With the Travis Hafner and Vernon Wells deals working out for the organization, you have to think their scouting department has done a wonderful job finding players on the scrap heap. At this point, any player that interests the Yankees also interests me, and last season Chris Nelson interested the Yankees. Over the weekend, the Rockies DFA'd the infielder, and his defense and offense still look like an interesting fit to the current Yankee lineup.
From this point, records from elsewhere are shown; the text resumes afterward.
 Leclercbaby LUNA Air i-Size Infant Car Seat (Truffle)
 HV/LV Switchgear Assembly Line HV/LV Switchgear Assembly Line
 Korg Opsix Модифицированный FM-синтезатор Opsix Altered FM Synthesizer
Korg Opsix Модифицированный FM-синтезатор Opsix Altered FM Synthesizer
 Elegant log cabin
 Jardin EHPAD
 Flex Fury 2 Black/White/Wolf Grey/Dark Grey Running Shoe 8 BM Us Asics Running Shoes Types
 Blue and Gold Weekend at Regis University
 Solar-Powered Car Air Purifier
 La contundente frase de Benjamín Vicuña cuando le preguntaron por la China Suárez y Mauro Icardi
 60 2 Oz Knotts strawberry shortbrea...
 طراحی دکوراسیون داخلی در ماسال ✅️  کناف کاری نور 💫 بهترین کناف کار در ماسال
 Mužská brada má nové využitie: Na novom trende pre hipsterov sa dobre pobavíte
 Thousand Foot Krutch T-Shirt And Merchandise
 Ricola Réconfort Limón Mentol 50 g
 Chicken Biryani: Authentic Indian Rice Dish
With the 9th pick in the 2004 draft, the Colorado Rockies selected the 18 year old short stop Chris Nelson. On Saturday night, they released the 27 year old third baseman Chris Nelson, after nearly a decade of false hope. At one point time, Nelson was considered one of the best infield prospects in baseball, flashing both power and leather in the early part of his career. In 2005, he was ranked the 26th best prospect in baseball after batting .347/.432/.510 in Rookie Level. Over the next few years, the young infielder struggled, and it wasn't until 2007, his age 21 season, that he started to hit in the upper levels. From 2007 to 2010, Nelson moved from High-A to Triple-A, and posted a respective OPS of .861, .657, .832, and .868 along the way. In 2010, at the age of 24, Nelson got the call to the majors. The rest of his career would be a roller coaster of high's and low's in the majors and minors.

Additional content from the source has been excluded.